3. About Token Savings: CSV and Compact JSON Already Beat TOON
Advocates of TOON love to talk about token savings. They show cases where TOON beats JSON in token count. Fine.
But look at the same problem with a bit of discipline.
If you:
clean up your JSON,
or use a compacted JSON structure,
or even switch to CSV when you have tabular data,
you can often do better than TOON.
In TOON’s own benchmarks, CSV comes out more compact than TOON. CSV is simpler, easier to parse, and already well understood. For many “rows and columns” problems, CSV wins.
Even worse (for TOON): when they compared TOON to compacted JSON in complex domains (see their own mixed-structure track on GitHub), compact JSON beat TOON in every scenario.
So the supposed story:
“TOON is the future, JSON is old and bloated”
quickly turns into:
“CSV and compact JSON quietly win in practice.”
If a “revolutionary” format can’t consistently beat a cleaned-up version of JSON, you have to ask: is this really a breakthrough, or just a rebrand?
4. My Read: Duolingo Solved Their Problem, Then Sold It as a Movement
Here’s how TOON looks to me.
Duolingo had:
a very specific internal problem,
in a very specific domain,
with very specific constraints.
They designed TOON to fix their issue. That’s totally fine. Every serious company builds internal tools.
But then comes the investor story:
“We invented a new AI data format!”
“We’re on the cutting edge of LLM protocols!”
“Look how advanced we are!”
Suddenly, an internal optimization turns into a public “standard”, complete with blogs, talks, and hype. Now developers are told:
“If you’re serious about LLMs, you should look at TOON.”
My view: this is not about your problems as a developer.
This is about their narrative as a company.
5. The Real Risk: Solving Fake Problems, Creating Real Ones
When you adopt a hyped format like TOON too early, you risk:
Solving the wrong problem
You optimize token count a tiny bit instead of fixing bad prompts, irrelevant context, or poor evaluation.Adding complexity to your stack
Now you need converters, validators, libraries, and mental overhead just to talk to a model… that is totally fine with text and basic structure.Locking yourself into a niche format
JSON and CSV are universal. TOON is not. You’re tying your system to someone else’s experiment.Confusing your team
Your devs now have to learn a custom syntax instead of focusing on model behavior and domain logic.

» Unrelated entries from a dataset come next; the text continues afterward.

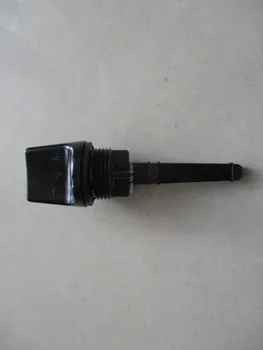 

RGX5500 EY40 OIL GAUGE ROBIN GASOLINE GENERATOR PARTS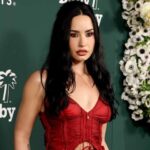 demi-lovato-stuns-in-red-dress-at-2025-baby2baby-gala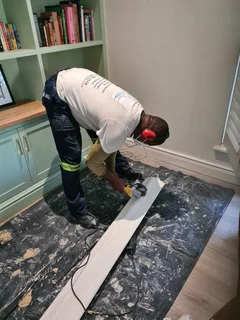 Custom Drywalls And Ceilings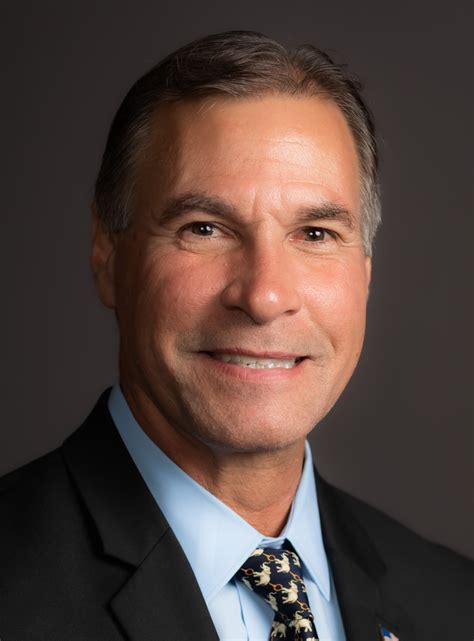 Contact Representative Rey Martinez of Georgia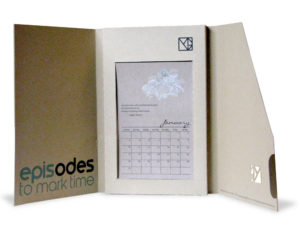 Episodes 2016 photo opened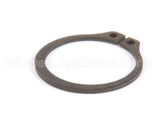 13059 Blakeslee Retaining Ring (Ext) 5100-66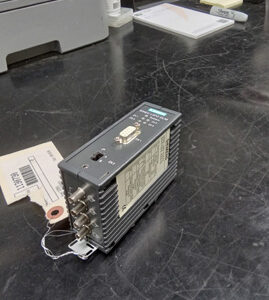 Siemens - 6GK1502-4AA10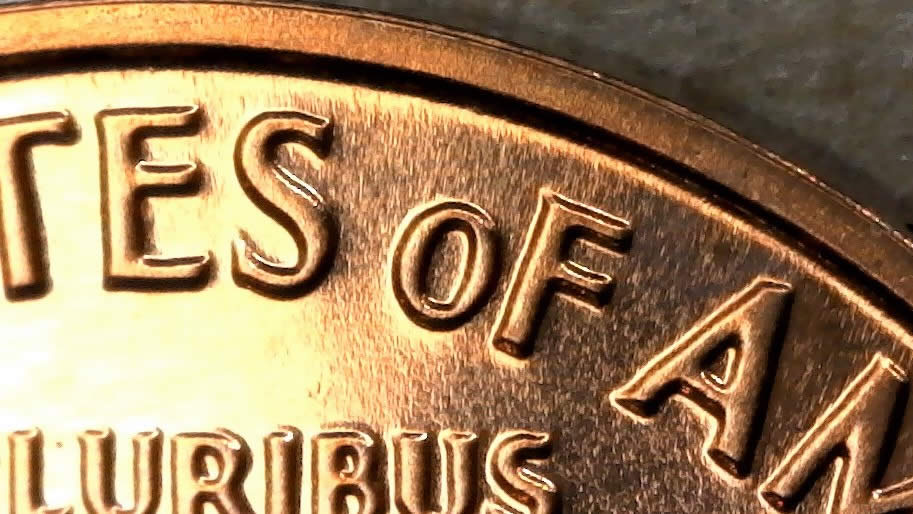 1964-Proof-Lincoln-Cent-DDR-022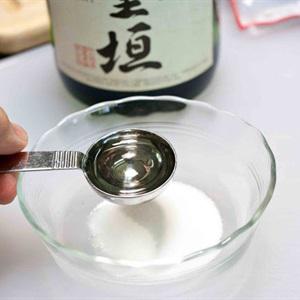 Cách làm cơm lươn kiểu Nhật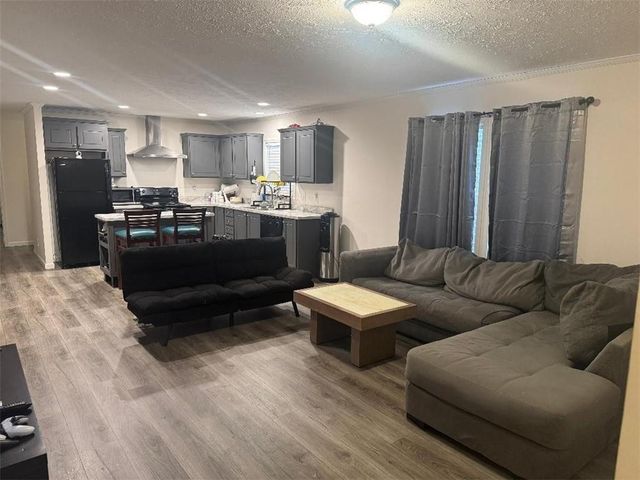 89 Wood Song SE Court, Cartersville, GA 30120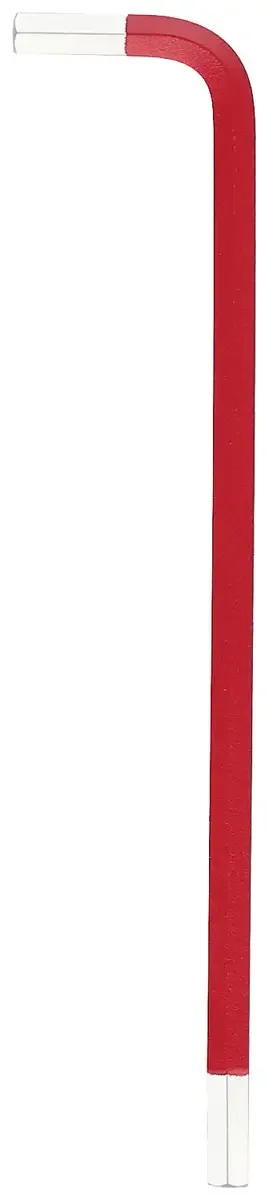 KS Tools 1514477 Haakse schroevendraaier Inbus 5/64 inch 5/64 von KS Tools – Produktbild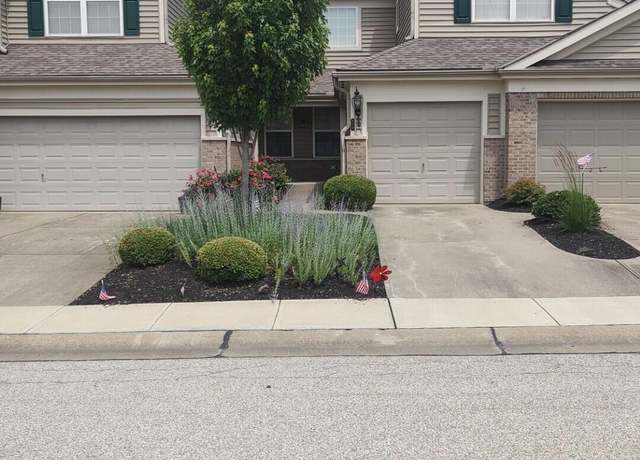 Property at 852 Flint Rdg Unit 4-302, Cold Spring, KY 41076, 2 beds, 2 baths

This is classic hype-driven engineering:
Pick a trendy technology.
Force it into your stack.
Then discover all the new problems it created.
Spend months fixing those instead of actual business issues.

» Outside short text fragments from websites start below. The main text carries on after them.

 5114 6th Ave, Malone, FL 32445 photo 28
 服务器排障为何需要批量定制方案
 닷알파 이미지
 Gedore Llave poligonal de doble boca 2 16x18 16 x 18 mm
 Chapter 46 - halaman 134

6. What I Recommend Instead
Before you even think about TOON, do this:
Start with plain text prompts.
Make them clear, explicit, and well-structured.Use CSV for large, regular tables of data.
Simple, compact, proven, easy to work with.Use compact JSON where structure truly matters.
Avoid bloat. Remove unnecessary nesting and repetitive keys when you can.Measure first, don’t assume.
Run the same task with:plain text + some structure,
CSV,
compact JSON,
and, if you really want, TOON.
Then compare:
token count,
latency,
model quality for your specific domain,
complexity of your codebase.
Most of the time, you’ll discover:
TOON is not magic,
your existing tools are already good enough,
your biggest gain comes from better prompts, not brand-new formats.